**Data extract:**
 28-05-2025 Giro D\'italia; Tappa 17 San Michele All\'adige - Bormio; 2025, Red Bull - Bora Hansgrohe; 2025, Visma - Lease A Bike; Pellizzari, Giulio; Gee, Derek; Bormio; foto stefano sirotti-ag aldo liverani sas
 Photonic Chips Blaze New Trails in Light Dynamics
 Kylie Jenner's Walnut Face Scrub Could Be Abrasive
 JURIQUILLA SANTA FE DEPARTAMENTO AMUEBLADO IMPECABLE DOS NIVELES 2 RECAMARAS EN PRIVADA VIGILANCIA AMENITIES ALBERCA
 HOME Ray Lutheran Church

--

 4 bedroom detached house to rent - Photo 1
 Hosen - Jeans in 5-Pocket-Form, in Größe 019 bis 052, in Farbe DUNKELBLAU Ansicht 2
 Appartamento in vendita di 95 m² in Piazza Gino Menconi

---

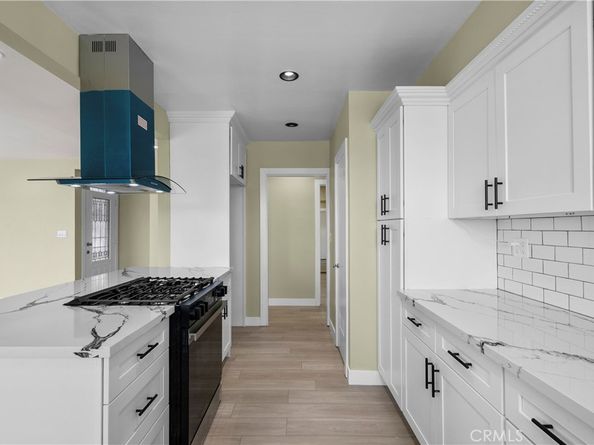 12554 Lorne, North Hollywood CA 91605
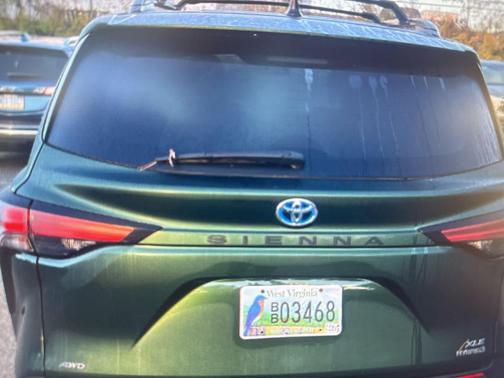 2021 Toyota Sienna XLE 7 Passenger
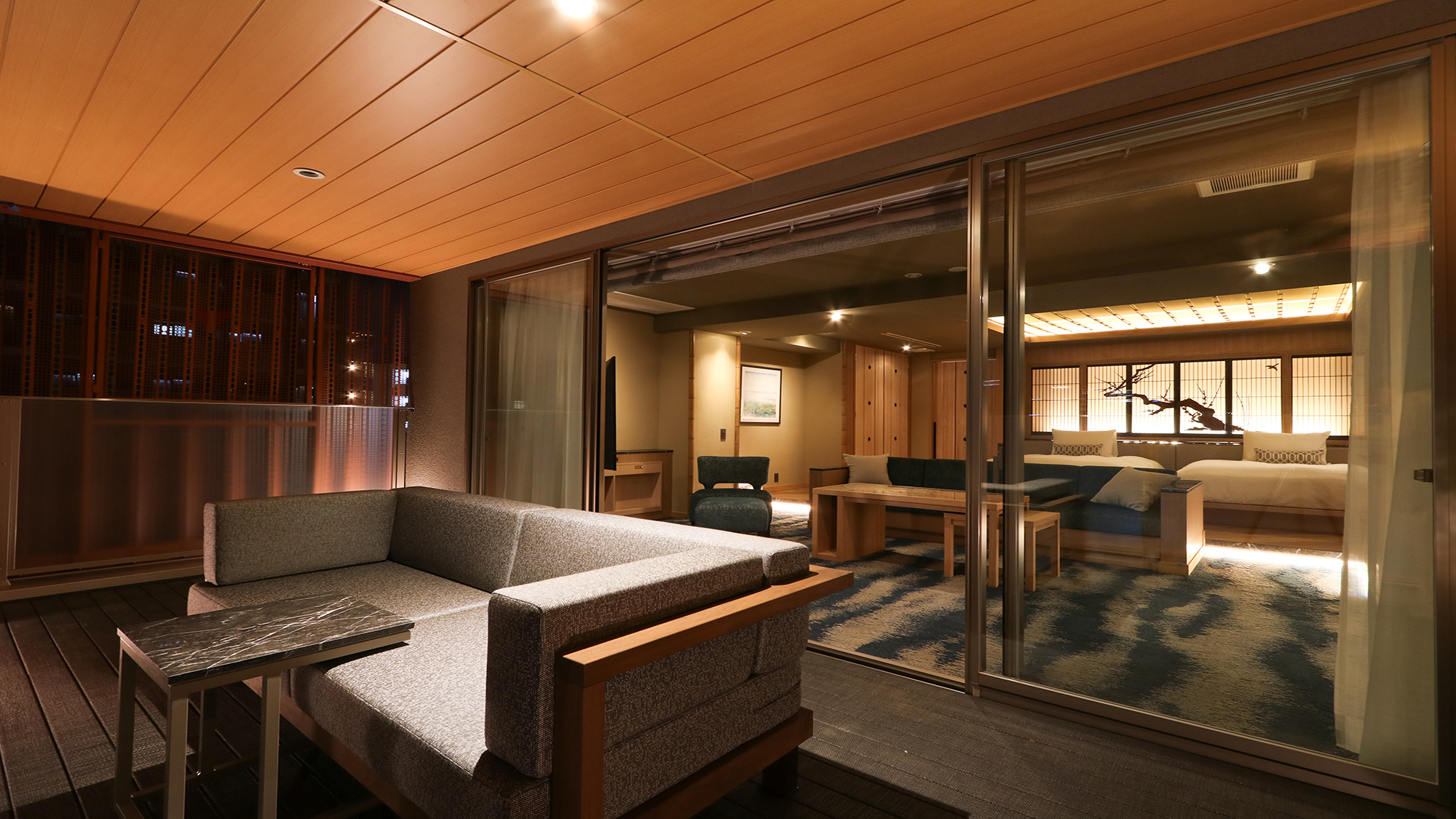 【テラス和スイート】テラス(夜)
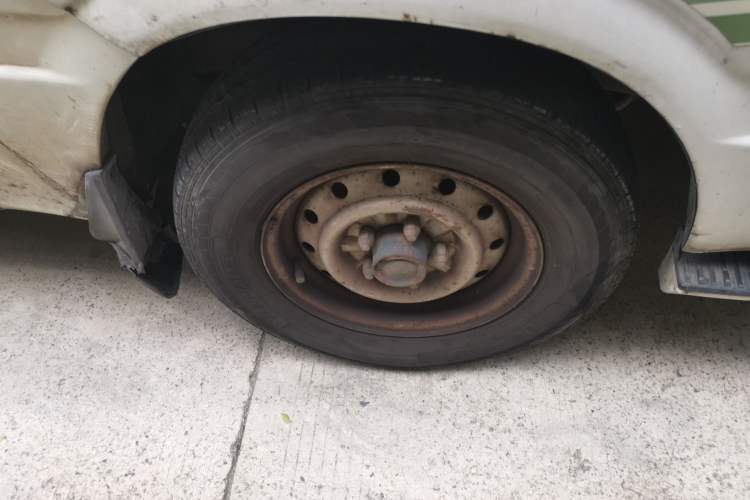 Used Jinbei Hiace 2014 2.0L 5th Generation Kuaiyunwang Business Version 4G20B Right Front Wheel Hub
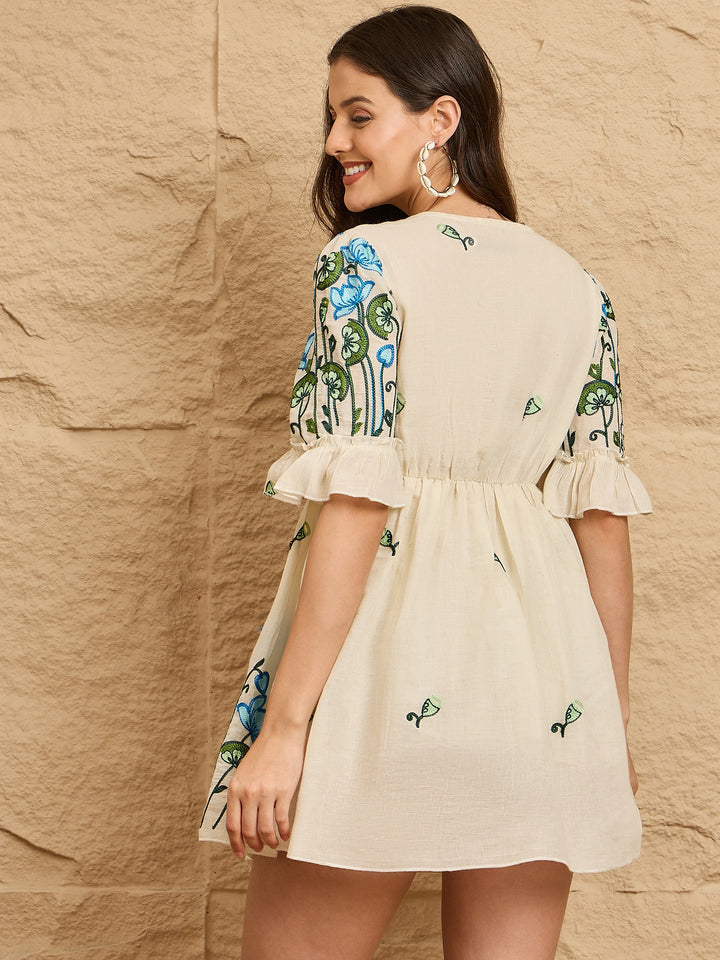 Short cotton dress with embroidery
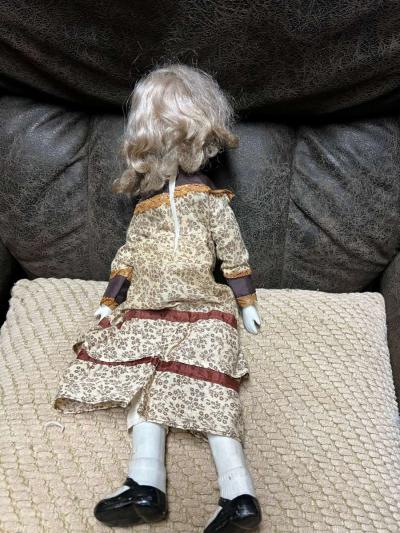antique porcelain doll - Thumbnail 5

**Aim of the exercise:**
Retype only this portion of the data above: the line containing "28-05-2025 Giro D\'italia;", the line containing "HOME Ray Lutheran Church", and all lines between them, exactly.

**Answer to the problem:**
 28-05-2025 Giro D\'italia; Tappa 17 San Michele All\'adige - Bormio; 2025, Red Bull - Bora Hansgrohe; 2025, Visma - Lease A Bike; Pellizzari, Giulio; Gee, Derek; Bormio; foto stefano sirotti-ag aldo liverani sas
 Photonic Chips Blaze New Trails in Light Dynamics
 Kylie Jenner's Walnut Face Scrub Could Be Abrasive
 JURIQUILLA SANTA FE DEPARTAMENTO AMUEBLADO IMPECABLE DOS NIVELES 2 RECAMARAS EN PRIVADA VIGILANCIA AMENITIES ALBERCA
 HOME Ray Lutheran Church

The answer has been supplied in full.